Microsoft nadużywa dominującej pozycji w chmurze, utrudniając swoim klientom korzystanie z innej infrastruktury niż Azure – twierdzi Google. Poskarżył się na giganta z Redmond w amerykańskiej komisji handlu (FTC). Twierdzi, że Microsoft wykorzystuje warunki licencji na Office’a i Windows Server, aby stosować praktyki lock-in, blokujące klientów w swojej usłudze.

Google utrzymuje, że warunki licencyjne dla Office 365 zamykają klientów w oddzielnych umowach z biznesem Azure, a celem Microsoftu jest zdobycie większej kontroli i udziału w rynku chmurowym poprzez utrudnianie klientom korzystania z czegokolwiek poza infrastrukturą Azure.

W piśmie skierowanym do FTC Google zarzuca konkurentowi, że złożone umowy Microsoftu mają na celu „zablokowanie klientów w ich ekosystemach”, koncern uniemożliwia firmom zróżnicowanie dostawców oprogramowania dla przedsiębiorstw, „ogranicza wybór, zwiększa koszty dla klientów”, zakłócając rozwój i cyfrowe ekosystemy na całym świecie – według CNBC.

Swoje stanowisko Google przedstawił na apel FTC, który w marcu br. poprosił o opinię, jak działania dostawców chmurowych wpływają na konkurencję i bezpieczeństwo danych.

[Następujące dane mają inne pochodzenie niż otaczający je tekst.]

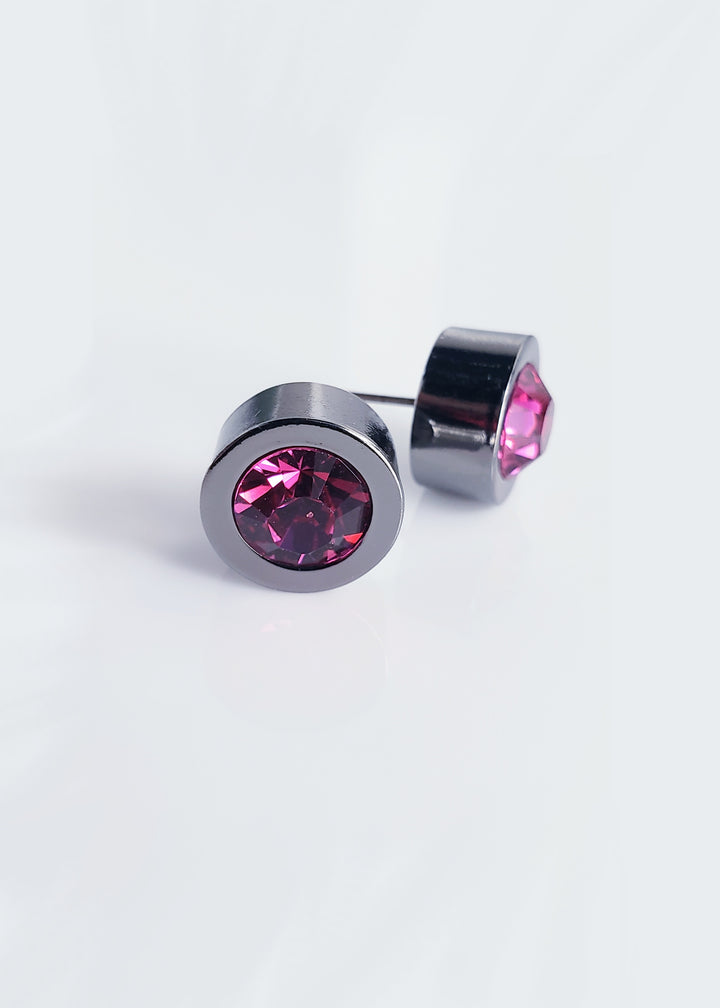 Myka - Black Rhodium Fuchsia Round Crystal Earrings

Microsoft: konkurencja w chmurze jest zdrowa

Microsoft poinformował natomiast CRN USA, że „wprowadził zmiany w warunkach licencjonowania chmury, aby rozwiązać problemy związane z licencjami i zapewnić więcej możliwości dostawcom usług cloud”.

Utrzymuje też, że konkurencja między chmurowymi hiperskalowymi pozostaje zdrowa, co według niego pokazują niezależne dane z rynku – w IV kw. 2022 r. Microsoft i Google odnotowały niewielkie zyski na udziałach AWS.

Według Synergy Research w I kw. 2023 r. Microsoft miał 23 proc. udziału w światowym rynku infrastruktury chmurowej, a Google 10 proc. Liderem pozostaje AWS (32 proc.). Dynamika wzrostu sprzedaży na całym rynku zmniejszyła się natomiast do 20 proc. r/r.